5 great travel inventions that desperately need inventing

Part of the reason I enjoy writing about travel gear is that I get to see new ideas all the time. I’d probably be doing this anyway, because that’s how much of a dork I am, but I get even more info sent to me than what I could find on my own, because people let me know about new things every so often.


Lots of great ideas have shown up in the last several years, including some industry-upturning apps like AirBNB. It seems like there’s something new you can do with your phone pretty much every time you leave for a new trip.

But I can think of a few ideas that haven’t quite shown up yet. Or if they have, they haven’t been good enough. So here are a few ideas that I expect would go over rather well with long-term or frequent travelers, which, as far as I can tell, haven’t been sufficiently invented yet.
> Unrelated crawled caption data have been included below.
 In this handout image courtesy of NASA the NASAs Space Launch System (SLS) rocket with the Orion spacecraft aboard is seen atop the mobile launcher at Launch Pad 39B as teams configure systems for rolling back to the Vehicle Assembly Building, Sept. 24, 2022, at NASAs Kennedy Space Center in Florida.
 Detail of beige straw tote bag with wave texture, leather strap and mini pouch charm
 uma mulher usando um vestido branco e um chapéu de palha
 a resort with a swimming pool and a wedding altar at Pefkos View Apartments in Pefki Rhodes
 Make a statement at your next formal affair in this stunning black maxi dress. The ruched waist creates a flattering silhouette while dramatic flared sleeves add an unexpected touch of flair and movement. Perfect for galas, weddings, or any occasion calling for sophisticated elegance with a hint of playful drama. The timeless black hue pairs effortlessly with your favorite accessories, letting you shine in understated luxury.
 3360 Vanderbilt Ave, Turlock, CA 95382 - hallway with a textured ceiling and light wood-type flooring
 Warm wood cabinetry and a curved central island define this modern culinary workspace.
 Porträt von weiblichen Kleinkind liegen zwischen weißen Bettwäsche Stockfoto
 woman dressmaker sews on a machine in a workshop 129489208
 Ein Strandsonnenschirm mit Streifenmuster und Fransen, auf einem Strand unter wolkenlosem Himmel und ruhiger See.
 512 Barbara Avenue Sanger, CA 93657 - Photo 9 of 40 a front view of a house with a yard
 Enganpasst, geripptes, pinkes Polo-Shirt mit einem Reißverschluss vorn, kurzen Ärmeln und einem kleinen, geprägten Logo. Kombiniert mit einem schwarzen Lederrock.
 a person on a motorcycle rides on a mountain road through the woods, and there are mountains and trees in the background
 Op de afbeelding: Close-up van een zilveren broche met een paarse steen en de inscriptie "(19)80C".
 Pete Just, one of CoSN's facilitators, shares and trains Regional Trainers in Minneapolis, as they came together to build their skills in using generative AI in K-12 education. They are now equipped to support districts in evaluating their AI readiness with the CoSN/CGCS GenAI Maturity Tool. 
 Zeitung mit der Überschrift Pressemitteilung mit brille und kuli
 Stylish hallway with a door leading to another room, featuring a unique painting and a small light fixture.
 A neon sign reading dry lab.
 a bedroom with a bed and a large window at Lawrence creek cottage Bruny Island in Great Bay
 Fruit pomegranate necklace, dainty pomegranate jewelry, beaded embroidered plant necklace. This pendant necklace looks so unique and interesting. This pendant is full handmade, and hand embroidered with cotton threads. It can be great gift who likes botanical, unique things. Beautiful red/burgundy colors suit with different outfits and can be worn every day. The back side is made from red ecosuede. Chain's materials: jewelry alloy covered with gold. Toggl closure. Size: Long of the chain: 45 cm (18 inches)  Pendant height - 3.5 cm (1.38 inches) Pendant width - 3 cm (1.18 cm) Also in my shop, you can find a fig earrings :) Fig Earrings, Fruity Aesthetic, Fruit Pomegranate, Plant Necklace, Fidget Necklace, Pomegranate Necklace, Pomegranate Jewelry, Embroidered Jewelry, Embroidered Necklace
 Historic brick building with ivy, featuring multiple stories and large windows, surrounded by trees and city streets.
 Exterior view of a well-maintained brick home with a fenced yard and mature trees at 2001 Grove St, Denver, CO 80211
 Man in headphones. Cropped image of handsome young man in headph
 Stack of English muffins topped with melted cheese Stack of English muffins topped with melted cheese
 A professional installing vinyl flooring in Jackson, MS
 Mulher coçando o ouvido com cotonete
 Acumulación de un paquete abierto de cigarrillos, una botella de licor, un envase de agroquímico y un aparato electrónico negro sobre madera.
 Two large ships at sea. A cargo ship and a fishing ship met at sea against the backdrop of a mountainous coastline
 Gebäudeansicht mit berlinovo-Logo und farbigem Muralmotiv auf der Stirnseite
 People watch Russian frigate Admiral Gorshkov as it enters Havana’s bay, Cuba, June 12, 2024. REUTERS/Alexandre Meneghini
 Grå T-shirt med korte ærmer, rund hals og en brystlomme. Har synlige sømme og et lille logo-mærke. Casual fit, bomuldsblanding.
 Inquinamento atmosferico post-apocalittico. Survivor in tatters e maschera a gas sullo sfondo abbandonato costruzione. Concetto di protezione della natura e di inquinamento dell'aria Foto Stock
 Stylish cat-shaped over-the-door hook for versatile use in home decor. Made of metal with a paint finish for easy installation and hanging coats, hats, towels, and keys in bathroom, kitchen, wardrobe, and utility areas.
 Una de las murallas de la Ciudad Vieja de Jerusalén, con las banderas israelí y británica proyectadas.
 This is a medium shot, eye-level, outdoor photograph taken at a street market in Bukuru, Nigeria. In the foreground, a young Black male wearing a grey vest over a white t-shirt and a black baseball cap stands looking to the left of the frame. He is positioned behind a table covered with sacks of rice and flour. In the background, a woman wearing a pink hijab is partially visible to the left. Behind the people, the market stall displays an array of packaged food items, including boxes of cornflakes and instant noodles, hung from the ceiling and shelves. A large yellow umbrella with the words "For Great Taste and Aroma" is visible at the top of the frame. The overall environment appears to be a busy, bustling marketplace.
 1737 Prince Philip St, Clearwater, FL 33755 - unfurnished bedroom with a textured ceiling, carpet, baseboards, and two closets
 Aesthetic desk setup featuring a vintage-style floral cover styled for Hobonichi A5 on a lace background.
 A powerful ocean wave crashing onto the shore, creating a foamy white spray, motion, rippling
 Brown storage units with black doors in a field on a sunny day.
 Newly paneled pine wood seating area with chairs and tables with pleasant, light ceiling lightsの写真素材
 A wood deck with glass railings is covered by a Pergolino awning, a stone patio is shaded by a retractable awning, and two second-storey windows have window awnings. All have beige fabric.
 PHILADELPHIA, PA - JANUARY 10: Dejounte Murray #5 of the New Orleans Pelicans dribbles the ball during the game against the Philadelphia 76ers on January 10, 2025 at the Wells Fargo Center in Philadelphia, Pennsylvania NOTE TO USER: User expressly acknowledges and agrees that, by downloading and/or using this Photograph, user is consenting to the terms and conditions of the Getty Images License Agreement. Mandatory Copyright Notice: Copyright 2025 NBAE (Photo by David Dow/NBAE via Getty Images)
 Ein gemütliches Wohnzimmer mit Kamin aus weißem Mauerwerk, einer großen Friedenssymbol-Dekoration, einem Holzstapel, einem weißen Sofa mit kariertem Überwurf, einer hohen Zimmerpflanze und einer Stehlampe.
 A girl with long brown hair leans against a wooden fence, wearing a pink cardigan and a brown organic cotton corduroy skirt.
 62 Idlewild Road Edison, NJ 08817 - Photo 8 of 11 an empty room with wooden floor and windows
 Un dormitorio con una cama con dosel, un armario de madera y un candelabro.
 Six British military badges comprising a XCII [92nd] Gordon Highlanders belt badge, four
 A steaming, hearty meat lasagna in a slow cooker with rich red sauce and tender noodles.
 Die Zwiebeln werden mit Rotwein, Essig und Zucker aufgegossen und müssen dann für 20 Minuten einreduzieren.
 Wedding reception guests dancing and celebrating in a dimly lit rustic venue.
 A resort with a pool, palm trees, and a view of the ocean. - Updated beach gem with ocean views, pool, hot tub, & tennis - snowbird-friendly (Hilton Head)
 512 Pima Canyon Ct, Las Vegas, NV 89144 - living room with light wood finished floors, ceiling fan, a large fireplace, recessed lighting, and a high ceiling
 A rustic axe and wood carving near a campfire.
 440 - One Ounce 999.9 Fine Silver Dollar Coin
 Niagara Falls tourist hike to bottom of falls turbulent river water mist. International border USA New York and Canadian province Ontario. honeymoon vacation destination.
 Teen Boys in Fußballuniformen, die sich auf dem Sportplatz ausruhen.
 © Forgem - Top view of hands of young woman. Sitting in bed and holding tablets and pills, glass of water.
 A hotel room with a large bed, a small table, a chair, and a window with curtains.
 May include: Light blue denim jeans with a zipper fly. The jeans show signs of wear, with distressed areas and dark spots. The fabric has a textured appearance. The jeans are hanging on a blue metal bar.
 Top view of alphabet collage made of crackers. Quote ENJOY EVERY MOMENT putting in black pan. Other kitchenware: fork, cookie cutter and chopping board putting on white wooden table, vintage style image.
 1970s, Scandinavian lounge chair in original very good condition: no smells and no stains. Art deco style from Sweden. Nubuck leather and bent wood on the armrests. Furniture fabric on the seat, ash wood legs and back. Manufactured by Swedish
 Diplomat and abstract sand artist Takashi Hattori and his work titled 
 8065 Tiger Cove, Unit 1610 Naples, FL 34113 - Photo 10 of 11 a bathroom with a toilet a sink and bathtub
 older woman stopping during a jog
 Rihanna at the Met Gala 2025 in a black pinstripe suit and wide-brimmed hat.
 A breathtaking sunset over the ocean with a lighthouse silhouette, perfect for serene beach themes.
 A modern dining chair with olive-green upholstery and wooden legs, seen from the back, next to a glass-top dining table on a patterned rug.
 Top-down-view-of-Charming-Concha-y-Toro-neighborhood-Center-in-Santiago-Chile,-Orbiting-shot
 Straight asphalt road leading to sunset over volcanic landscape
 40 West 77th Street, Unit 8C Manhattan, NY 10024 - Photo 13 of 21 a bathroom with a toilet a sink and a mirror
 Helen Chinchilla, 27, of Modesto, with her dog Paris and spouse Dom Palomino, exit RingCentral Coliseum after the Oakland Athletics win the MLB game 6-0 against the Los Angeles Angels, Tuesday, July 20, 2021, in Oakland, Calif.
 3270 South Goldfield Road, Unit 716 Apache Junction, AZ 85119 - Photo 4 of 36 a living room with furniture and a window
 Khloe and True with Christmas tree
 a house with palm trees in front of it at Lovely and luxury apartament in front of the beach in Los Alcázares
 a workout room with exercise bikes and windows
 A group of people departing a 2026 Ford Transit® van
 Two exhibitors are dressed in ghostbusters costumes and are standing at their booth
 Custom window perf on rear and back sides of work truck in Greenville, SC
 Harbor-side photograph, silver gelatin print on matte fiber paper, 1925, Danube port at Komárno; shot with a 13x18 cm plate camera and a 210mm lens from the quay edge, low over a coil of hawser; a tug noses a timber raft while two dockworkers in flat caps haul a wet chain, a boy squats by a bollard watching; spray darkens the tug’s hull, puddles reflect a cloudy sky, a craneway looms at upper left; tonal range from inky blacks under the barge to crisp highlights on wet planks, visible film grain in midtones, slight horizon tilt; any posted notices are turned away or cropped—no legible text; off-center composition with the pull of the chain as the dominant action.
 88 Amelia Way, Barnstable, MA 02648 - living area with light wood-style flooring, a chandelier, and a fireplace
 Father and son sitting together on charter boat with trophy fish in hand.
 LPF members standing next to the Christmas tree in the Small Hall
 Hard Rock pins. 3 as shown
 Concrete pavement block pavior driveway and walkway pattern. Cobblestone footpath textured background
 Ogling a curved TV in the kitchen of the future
1) Solar powered phone charger cases

We’ve already got smartphone battery cases, and they’ve got a big, flat surface in back, so…why not put a solar panel there? Seems like a great way to charge things up when you’re sitting down for a meal, which, for most normal humans, happens multiple times per day. You could just leave it out on the table and let the burning hot fireball in the sky take care of the rest.

The problem, however, is that it probably wouldn’t be good enough. Solar panels are getting better all the time, but maybe not enough for a tiny one to charge up a whole phone. On the other hand, it doesn’t have to be the only charging method; if you catch an hour or two of sunlight here and there (as well as a few seconds pretty much every time you take a photo), it’ll at least last longer on a full charge, which could work nicely for people who are out and about in the sun all day, using their phones.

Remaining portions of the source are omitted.